| TASK REQUIREMENTS |
After finding the line with "A collection of" in the data below, set down exactly each line through the one with "Tayland, Phuket 'te", inclusive, and stop there.

| MATERIAL TO PROCESS |
= = = = =

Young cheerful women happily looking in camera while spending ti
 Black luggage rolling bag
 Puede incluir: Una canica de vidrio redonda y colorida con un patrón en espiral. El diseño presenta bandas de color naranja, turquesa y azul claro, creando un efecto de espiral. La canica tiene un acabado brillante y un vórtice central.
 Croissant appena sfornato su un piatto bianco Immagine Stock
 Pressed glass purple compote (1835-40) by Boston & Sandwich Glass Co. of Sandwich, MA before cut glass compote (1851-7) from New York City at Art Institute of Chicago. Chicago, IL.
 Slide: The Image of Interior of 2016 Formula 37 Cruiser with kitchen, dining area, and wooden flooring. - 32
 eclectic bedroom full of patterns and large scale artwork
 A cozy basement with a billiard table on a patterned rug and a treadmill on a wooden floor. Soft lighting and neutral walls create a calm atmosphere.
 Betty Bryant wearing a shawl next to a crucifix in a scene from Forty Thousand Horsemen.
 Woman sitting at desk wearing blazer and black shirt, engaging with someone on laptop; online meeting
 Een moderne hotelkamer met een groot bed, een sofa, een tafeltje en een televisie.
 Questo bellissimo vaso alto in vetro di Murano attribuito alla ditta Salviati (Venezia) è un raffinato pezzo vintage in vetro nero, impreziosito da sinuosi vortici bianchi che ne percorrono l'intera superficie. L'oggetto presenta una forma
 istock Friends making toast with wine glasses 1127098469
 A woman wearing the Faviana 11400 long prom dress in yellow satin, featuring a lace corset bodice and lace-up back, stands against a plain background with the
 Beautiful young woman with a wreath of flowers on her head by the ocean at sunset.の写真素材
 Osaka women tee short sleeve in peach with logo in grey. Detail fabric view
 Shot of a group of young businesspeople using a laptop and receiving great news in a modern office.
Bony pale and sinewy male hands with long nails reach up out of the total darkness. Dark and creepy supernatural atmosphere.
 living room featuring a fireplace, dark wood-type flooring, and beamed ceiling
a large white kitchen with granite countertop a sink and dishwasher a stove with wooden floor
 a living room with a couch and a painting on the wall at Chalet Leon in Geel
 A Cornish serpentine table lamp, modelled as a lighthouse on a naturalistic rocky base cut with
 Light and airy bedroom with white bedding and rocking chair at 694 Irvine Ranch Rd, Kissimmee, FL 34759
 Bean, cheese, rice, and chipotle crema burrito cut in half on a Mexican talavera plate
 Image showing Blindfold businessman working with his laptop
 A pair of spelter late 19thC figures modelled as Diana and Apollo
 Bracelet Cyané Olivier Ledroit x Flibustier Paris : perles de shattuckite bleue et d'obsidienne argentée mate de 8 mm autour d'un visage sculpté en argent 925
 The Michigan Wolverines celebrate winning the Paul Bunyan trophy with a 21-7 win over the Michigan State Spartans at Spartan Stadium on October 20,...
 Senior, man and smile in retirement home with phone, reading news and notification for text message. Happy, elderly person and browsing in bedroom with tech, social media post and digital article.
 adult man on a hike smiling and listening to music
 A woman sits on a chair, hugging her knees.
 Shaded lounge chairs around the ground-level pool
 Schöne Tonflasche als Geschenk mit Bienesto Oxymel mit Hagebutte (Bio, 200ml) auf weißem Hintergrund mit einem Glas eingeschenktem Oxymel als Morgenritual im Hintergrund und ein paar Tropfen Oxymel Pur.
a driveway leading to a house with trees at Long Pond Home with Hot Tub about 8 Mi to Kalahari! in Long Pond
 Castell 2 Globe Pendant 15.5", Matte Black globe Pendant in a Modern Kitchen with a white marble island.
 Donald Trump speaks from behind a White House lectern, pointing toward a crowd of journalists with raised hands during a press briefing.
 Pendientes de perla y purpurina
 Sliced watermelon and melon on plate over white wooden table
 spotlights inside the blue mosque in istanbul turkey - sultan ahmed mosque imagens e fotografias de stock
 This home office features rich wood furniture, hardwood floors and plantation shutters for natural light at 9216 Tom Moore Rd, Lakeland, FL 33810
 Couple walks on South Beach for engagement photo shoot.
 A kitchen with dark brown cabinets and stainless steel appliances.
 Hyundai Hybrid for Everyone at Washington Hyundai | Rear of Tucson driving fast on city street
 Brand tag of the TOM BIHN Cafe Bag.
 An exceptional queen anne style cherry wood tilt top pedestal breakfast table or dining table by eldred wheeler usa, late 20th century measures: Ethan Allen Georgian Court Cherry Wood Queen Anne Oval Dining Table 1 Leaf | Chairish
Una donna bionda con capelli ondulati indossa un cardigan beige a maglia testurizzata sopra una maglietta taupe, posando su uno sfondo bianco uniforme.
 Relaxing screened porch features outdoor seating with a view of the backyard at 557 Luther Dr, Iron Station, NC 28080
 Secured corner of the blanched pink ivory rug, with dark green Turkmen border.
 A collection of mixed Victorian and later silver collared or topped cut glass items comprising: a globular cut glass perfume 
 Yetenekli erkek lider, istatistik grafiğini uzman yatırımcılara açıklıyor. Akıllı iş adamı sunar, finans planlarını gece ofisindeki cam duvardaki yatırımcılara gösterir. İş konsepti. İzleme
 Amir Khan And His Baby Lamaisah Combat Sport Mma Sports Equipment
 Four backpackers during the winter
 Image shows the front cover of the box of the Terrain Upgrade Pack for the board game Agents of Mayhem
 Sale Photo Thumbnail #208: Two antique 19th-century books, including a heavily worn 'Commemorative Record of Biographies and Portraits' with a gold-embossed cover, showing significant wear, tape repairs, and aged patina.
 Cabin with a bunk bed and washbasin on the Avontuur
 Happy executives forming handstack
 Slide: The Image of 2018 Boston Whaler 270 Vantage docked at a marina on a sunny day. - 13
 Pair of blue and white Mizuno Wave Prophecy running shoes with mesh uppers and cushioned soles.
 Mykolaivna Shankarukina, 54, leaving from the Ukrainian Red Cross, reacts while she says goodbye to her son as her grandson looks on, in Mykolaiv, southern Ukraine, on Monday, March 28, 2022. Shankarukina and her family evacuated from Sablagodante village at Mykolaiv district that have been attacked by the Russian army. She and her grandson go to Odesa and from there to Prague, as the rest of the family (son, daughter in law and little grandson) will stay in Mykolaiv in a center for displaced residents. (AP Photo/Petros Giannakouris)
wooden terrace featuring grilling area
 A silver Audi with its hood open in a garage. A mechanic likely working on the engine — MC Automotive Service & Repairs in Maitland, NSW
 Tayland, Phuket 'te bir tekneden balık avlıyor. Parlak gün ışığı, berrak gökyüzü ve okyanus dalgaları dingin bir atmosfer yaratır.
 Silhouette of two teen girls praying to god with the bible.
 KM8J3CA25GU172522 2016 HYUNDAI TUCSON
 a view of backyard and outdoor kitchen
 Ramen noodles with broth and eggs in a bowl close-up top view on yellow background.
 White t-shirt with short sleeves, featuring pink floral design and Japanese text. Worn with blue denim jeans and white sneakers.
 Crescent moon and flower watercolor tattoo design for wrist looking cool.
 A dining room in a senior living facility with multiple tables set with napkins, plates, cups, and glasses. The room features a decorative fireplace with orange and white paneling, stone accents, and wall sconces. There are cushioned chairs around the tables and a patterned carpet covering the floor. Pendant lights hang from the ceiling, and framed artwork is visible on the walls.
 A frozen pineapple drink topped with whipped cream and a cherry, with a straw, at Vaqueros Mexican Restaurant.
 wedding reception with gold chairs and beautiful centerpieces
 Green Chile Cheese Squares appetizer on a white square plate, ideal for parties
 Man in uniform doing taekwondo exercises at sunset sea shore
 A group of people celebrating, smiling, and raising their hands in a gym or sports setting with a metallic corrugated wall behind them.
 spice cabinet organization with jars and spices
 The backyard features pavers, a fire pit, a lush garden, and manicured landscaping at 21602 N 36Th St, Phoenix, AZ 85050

= = = = =

| EXERCISE ANSWER |
 A collection of mixed Victorian and later silver collared or topped cut glass items comprising: a globular cut glass perfume 
 Yetenekli erkek lider, istatistik grafiğini uzman yatırımcılara açıklıyor. Akıllı iş adamı sunar, finans planlarını gece ofisindeki cam duvardaki yatırımcılara gösterir. İş konsepti. İzleme
 Amir Khan And His Baby Lamaisah Combat Sport Mma Sports Equipment
 Four backpackers during the winter
 Image shows the front cover of the box of the Terrain Upgrade Pack for the board game Agents of Mayhem
 Sale Photo Thumbnail #208: Two antique 19th-century books, including a heavily worn 'Commemorative Record of Biographies and Portraits' with a gold-embossed cover, showing significant wear, tape repairs, and aged patina.
 Cabin with a bunk bed and washbasin on the Avontuur
 Happy executives forming handstack
 Slide: The Image of 2018 Boston Whaler 270 Vantage docked at a marina on a sunny day. - 13
 Pair of blue and white Mizuno Wave Prophecy running shoes with mesh uppers and cushioned soles.
 Mykolaivna Shankarukina, 54, leaving from the Ukrainian Red Cross, reacts while she says goodbye to her son as her grandson looks on, in Mykolaiv, southern Ukraine, on Monday, March 28, 2022. Shankarukina and her family evacuated from Sablagodante village at Mykolaiv district that have been attacked by the Russian army. She and her grandson go to Odesa and from there to Prague, as the rest of the family (son, daughter in law and little grandson) will stay in Mykolaiv in a center for displaced residents. (AP Photo/Petros Giannakouris)
wooden terrace featuring grilling area
 A silver Audi with its hood open in a garage. A mechanic likely working on the engine — MC Automotive Service & Repairs in Maitland, NSW
 Tayland, Phuket 'te bir tekneden balık avlıyor. Parlak gün ışığı, berrak gökyüzü ve okyanus dalgaları dingin bir atmosfer yaratır.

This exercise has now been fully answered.